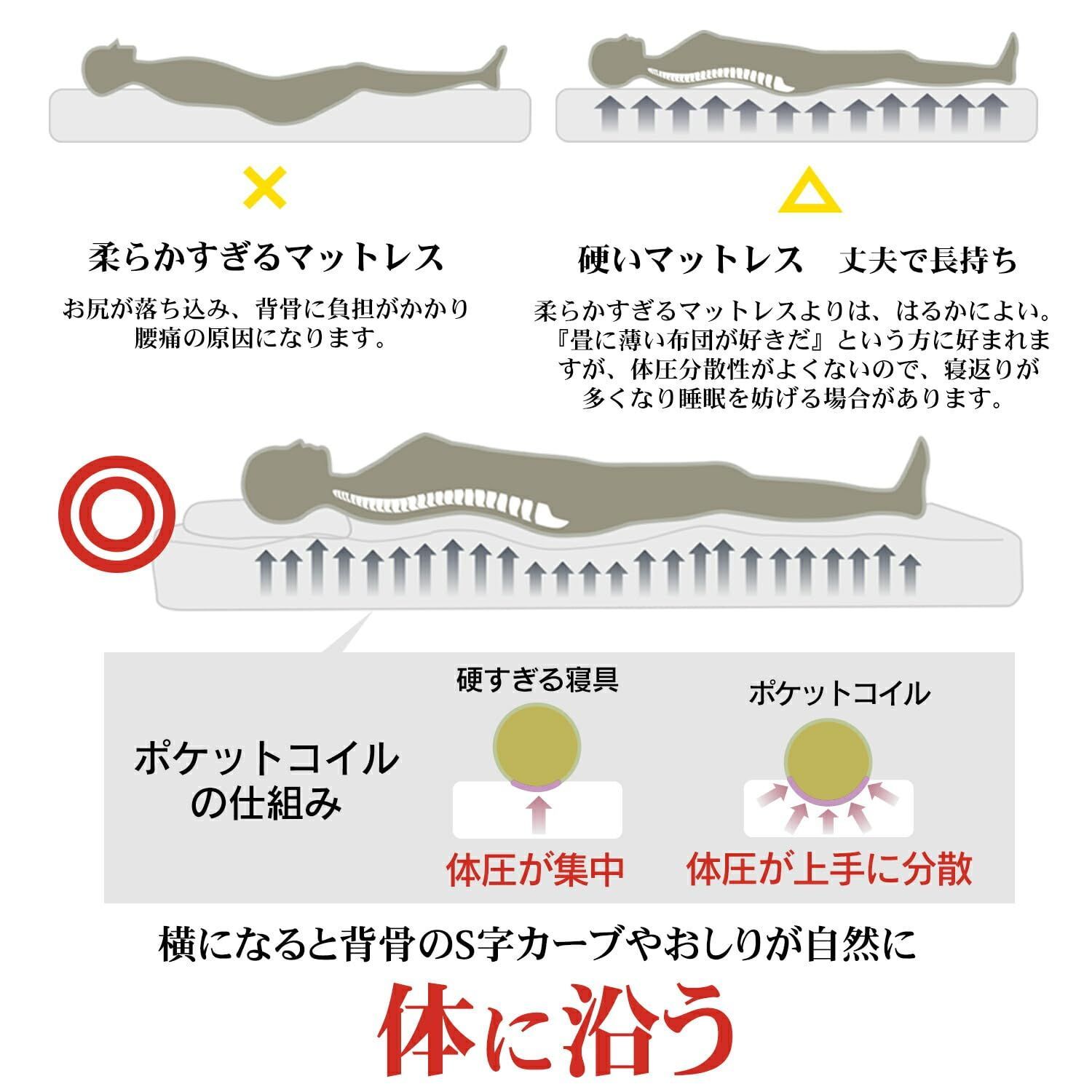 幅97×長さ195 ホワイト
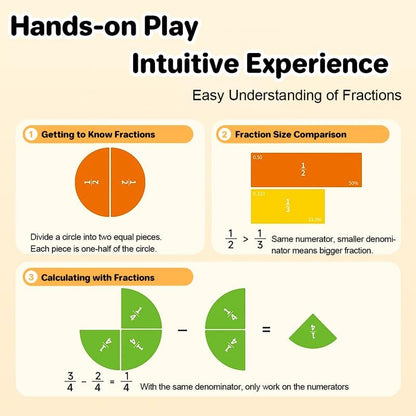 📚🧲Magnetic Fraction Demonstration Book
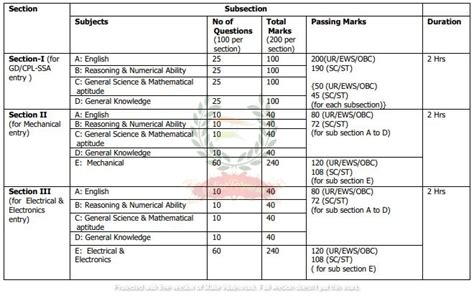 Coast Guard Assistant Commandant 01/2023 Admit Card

###

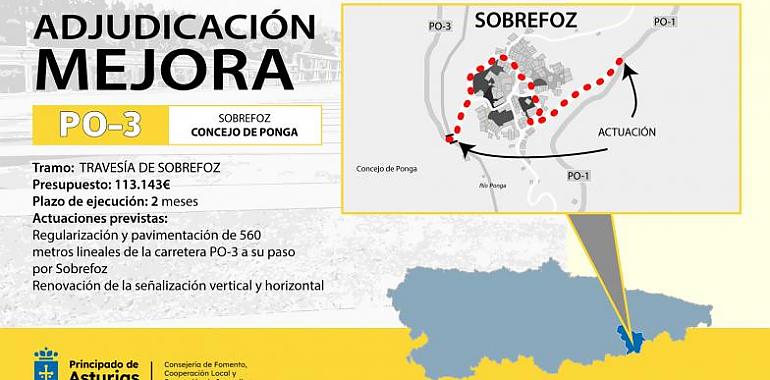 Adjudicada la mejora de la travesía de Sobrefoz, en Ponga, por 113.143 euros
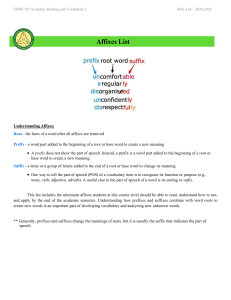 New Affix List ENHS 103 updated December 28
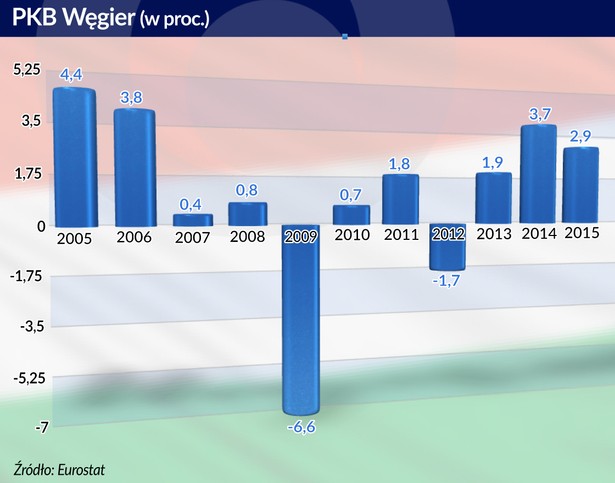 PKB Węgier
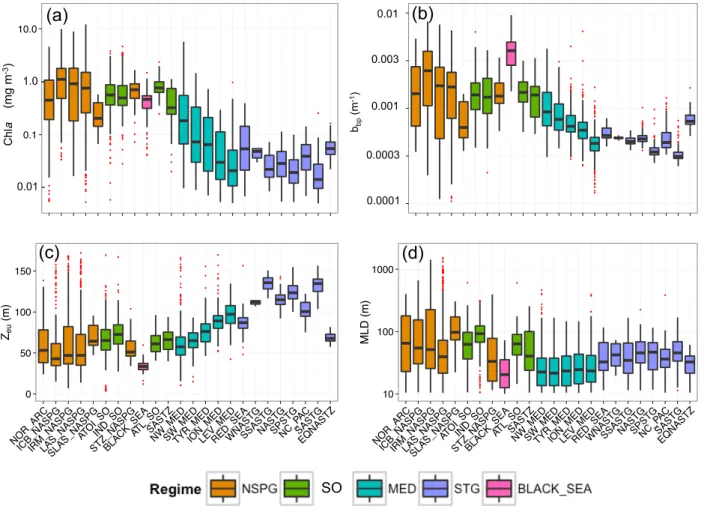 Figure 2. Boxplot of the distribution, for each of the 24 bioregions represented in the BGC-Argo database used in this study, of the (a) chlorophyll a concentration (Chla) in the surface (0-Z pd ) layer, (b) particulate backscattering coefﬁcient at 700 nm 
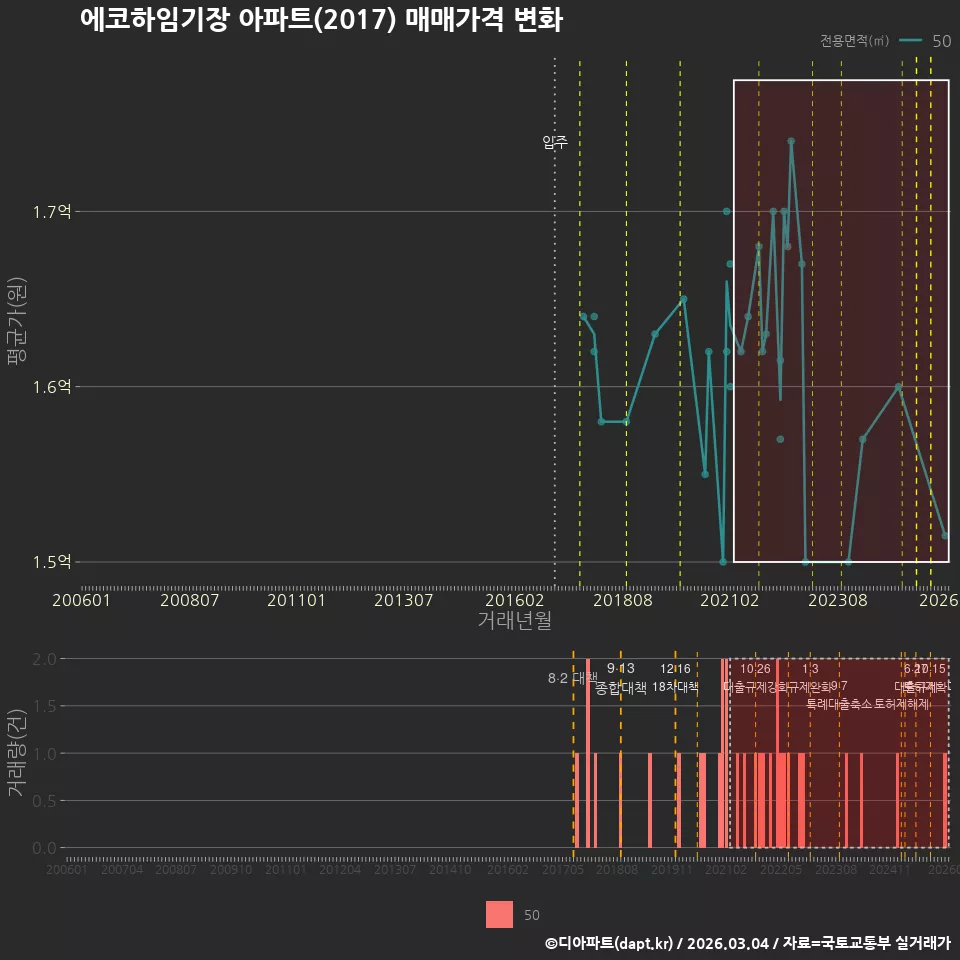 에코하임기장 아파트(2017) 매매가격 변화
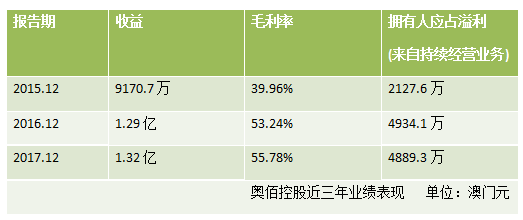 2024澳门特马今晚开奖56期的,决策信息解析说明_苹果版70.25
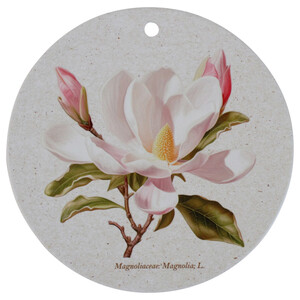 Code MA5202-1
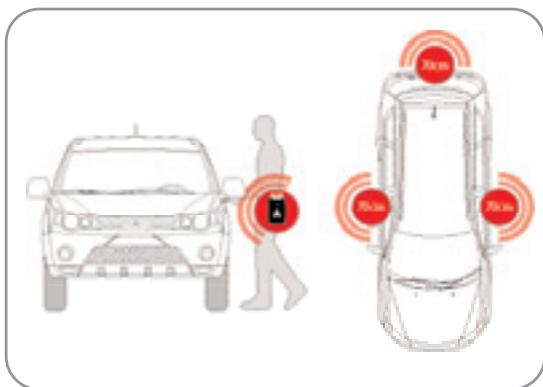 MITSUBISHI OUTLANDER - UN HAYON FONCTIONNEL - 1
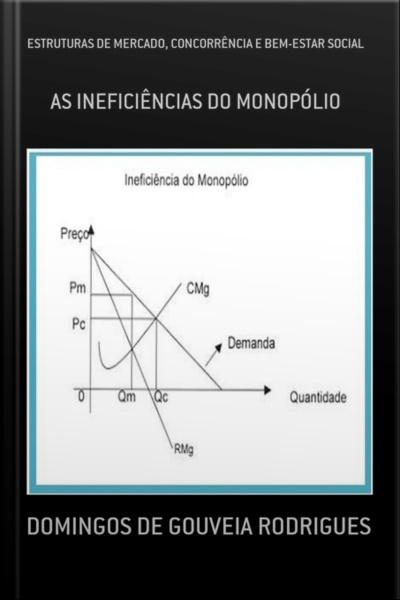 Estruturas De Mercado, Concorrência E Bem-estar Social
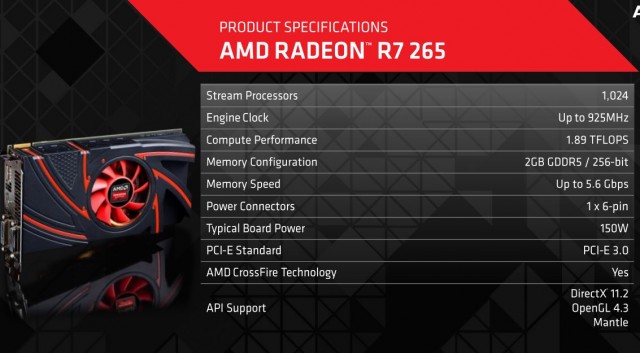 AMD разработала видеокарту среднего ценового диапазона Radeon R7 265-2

###

> **Exercise prompt**: Within the listing above, write out the stretch from the line with "Adjudicada la mejora" through the line with "AMD разработала видеокарту" exactly. Any pictures are to be left out.

> **Exercise response**:
 Adjudicada la mejora de la travesía de Sobrefoz, en Ponga, por 113.143 euros
 New Affix List ENHS 103 updated December 28
 PKB Węgier
 Figure 2. Boxplot of the distribution, for each of the 24 bioregions represented in the BGC-Argo database used in this study, of the (a) chlorophyll a concentration (Chla) in the surface (0-Z pd ) layer, (b) particulate backscattering coefﬁcient at 700 nm 
 에코하임기장 아파트(2017) 매매가격 변화
 2024澳门特马今晚开奖56期的,决策信息解析说明_苹果版70.25
 Code MA5202-1
 MITSUBISHI OUTLANDER - UN HAYON FONCTIONNEL - 1
 Estruturas De Mercado, Concorrência E Bem-estar Social
 AMD разработала видеокарту среднего ценового диапазона Radeon R7 265-2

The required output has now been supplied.